There is, by the way, a price to be paid for all this electronic goodness, which is that there is a constant drain on battery power at all times. Leave the Multistrada sitting in the garage over the weekend, and you’ll be OK. Leave it there for a week, and you’ll need to hook it up to a battery tender.
Once the engine is running, the Multistrada produces a throaty growl that hints at the vast reserves of power on tap. Clutch pull is fairly easy, allowing for one-finger operation. The friction point is also set very close to full out, so that the clutch engages with very little pull. Give it a little throttle, ease the clutch out, and the Multistrada pulls right away from a stop, without requiring excessive revving.
Starting out in downtown Escondido, I set the engine setup to “Urban” and I was off. The Multistrada is very maneuverable in town, although, if you plan on splitting traffic at stoplights, you need to be aware of the extra-wide handlebars. The Urban setting provides very controllable power in traffic, and you can flick the bike from lane to lane with ease. There’s more than enough power to pull away from traffic or for passing, but the 60% power limit ensures that it’s never anywhere near the limits of the rider’s control.
Two minor shortcomings are apparent in city driving. First, the engine hates anything under 3,000 RPM. It shudders, rumbles and coughs. It’s nowhere near as revvy as a sport bike, but it clearly doesn’t want to stay in the low RPMs. Above that, however, the throaty L-Twin smooths out, with surprisingly little vibration. Second, the transmission really wants to make neutral easy to find when downshifting from 2nd gear. Kicking the shifter, releasing the clutch, and being rewarded with a screaming rev and no power is…embarrassing. You need a firm foot to get it back down to first. It’s easy to learn, and it only happened to me once, but it was a bit of a surprise.
Prior to getting onto the I-15, to head towards my favorite canyon road near Bonsall, I changed to Touring mode.
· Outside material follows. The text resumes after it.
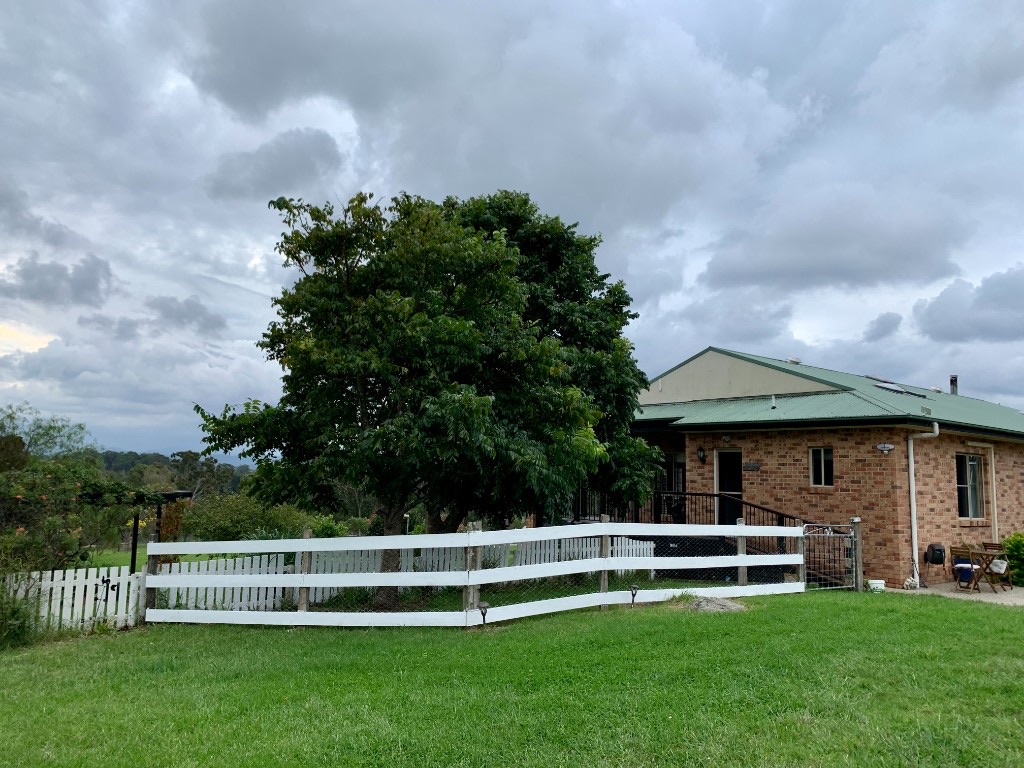 The brick farmstay house behind a white fence, with hills in the distance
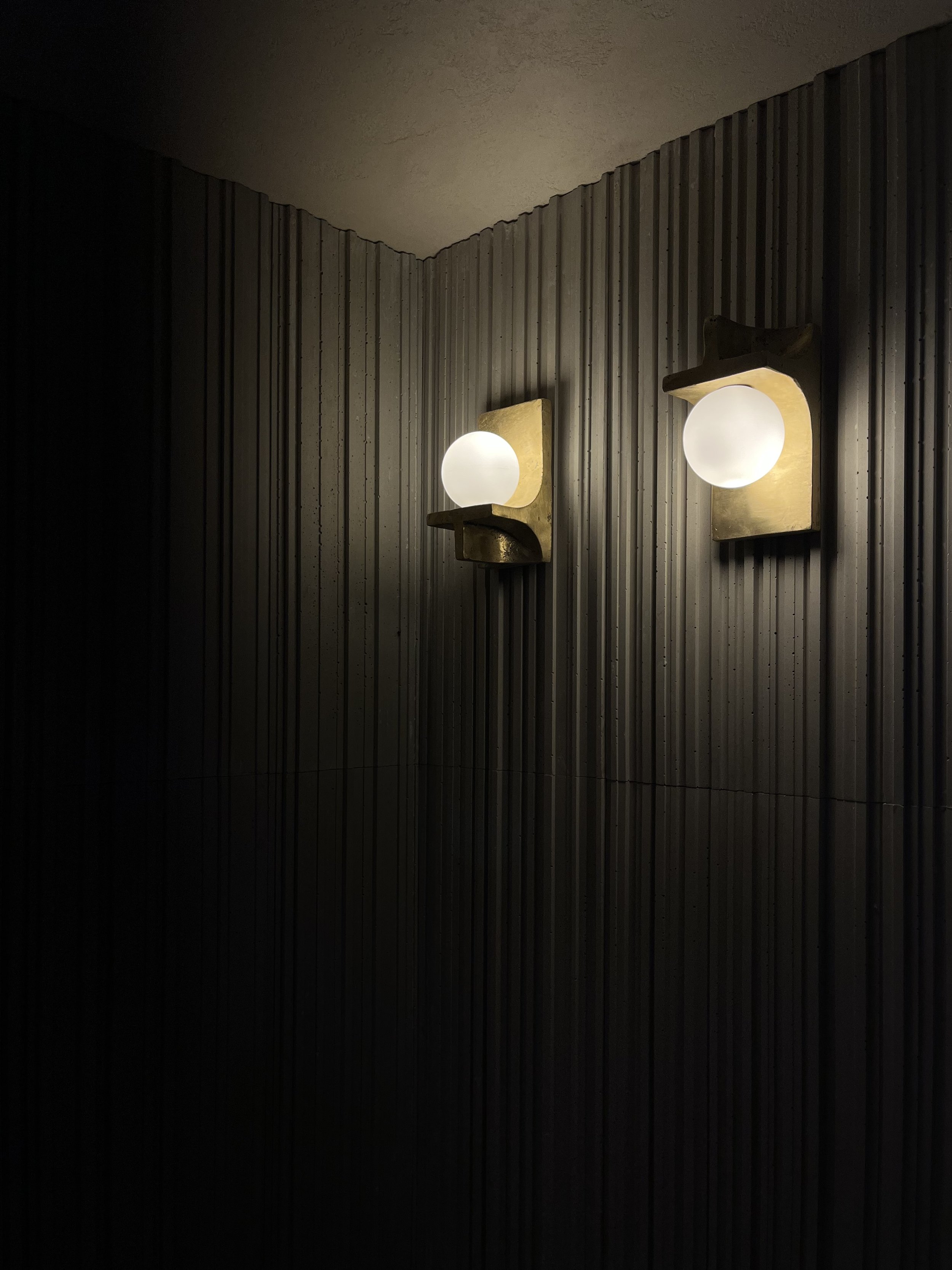 Two wall-mounted light fixtures with round frosted glass shades on a ribbed wall.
Throttle response was still very smooth, but you could certainly feel the increase in torque, as the acceleration pushes your butt back against the front of the passenger seat. I told you you’d be happy to have that passenger seat back there, because, even in touring mode, the Multistrada has a ton of acceleration. First gear on the 6-speed gearbox is fairly short, but in second, the 10,500 redline allows you to hit speeds in excess of 90MPH almost instantly. But be careful: when you hit the redline, the rev limiter kicks in and it is not unobtrusive. On the freeway, 5,000RPM translates to 90MPH indicated in 6th gear. At highway speeds, 6th gear is relatively gutless, requiring a downshift to pass briskly. The rear-view mirrors, while having a noticeable amount of vibration, are still usable at highway speeds.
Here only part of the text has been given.